Art. 9 Organi sociali
Sono organi dell'Associazione:
a) l'Assemblea dei Soci
b) il Presidente
c) il Consiglio Direttivo
d) il Tesoriere
e) il Comitato Etico Scientifico
Art. 10 Assemblea dei soci
L'Assemblea, cui possono partecipare tutti i soci in regola con i pagamenti delle quote sociali, rappresenta la totalità degli associati e le sue deliberazioni sono vincolanti per tutti gli associati, anche se dissenzienti o assenti. Ogni socio ha diritto ad un voto che è espresso per semplice alzata di mano.
L'Assemblea, in seduta Ordinaria, si riunisce almeno una volta l'anno, entro quattro mesi dalla chiusura dell'Esercizio Sociale, per l'approvazione del rendiconto presentato dal Consiglio Direttivo, per la stesura del preventivo di spesa dell'esercizio in corso e per eleggere le cariche sociali.
L'Assemblea si riunisce in seduta straordinaria, ogni qualvolta lo ritenga necessario il Consiglio Direttivo, altresì quando il Consiglio Direttivo ritenga opportuno discutere questioni di ordinaria e straordinaria amministrazione, quando la maggioranza dei componenti il Consiglio Direttivo sia dimissionaria o quando ne faccia richiesta almeno un terzo dei soci.

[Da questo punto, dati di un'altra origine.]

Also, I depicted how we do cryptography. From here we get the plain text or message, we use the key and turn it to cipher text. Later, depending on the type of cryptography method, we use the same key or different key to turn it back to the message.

La convocazione avviene mediante semplice affissione di un avviso nella sede sociale almeno 30 giorni prima della data stabilita.
L'Assemblea è regolarmente costituita in prima convocazione con la presenza della metà più uno dei soci. Le deliberazioni saranno prese sempre a maggioranza semplice e trascritte nel registro delle Assemblee dal Presidente.
In seconda convocazione l'assemblea, ordinaria e straordinaria, è valida qualunque sia il numero degli intervenuti e delibera a maggioranza semplice.
Art. 11 Presidente
II Presidente e, in caso di assenza o di impedimento il Vicepresidente, rappresenta l'Associazione agli effetti delle leggi vigenti e firma gli atti ad essa relativi; prepara il consuntivo ed il preventivo; convoca il Consiglio Direttivo; presiede l'Assemblea.
Il Presidente può conferire ai componenti del Consiglio Direttivo la procura per il compimento di atti o categorie di atti.
Al Presidente sono demandati tutti gli atti di ordinaria e straordinaria amministrazione inerenti la gestione dell'Associazione, sia dal lato amministrativo che economico.
Questi atti dovranno essere menzionati nella relazione del rendiconto annuale a cura del Tesoriere. Il Presidente e il vicepresidente vengono nominati dai soci fondatori e successivamente dal Consiglio Direttivo.
Art. 12 Consiglio Direttivo
II Consiglio Direttivo composto dal Presidente, dal VicePresidente, dal Segretario e da altri 5 (cinque) componenti, uno con funzioni di tesoriere.
Il Consiglio Direttivo dura in carica a tempo indeterminato, salvo revoca per giusta causa o dimissioni.
Art. 13 Il Tesoriere
Il Tesoriere provvede ad amministrare l'Associazione su delega del Presidente e del Consiglio Direttivo.
Art. 14 Il Comitato Etico Scientifico
Il Comitato Etico Scientifico è nominato dall'Assemblea dei Soci su proposta del Presidente sentiti i Soci Fondatori.
Ne fanno parte 10 personalità di chiara fama che si riconoscono negli scopi della Associazione.
I membri del Comitato Etico Scientifico si riuniscono su mandato del Presidente e svolgono preventivamente l'attività di valutazione scientifica ed etica dei progetti sottoposti alla Associazione per la loro realizzazione.
Il Comitato si esprime a maggioranza qualificata dei suoi membri e dura in carica 4 anni.
Art. 15 Scioglimento
L'Associazione è sciolta su delibera dell'assemblea dei soci.
In caso di scioglimento l'assemblea nominerà una commissione di tre membri per curare la destinazione dei beni sociali e la liquidazione.
Il patrimonio dell'organizzazione, in caso di scioglimento per qualunque causa, sarà devoluto ad altre Onlus o a fini di pubblica utilità.
Art. 16 Norma di rinvio
Per quanto non espressamente previsto dal presente statuto si fa riferimento alle norme del Codice Civile.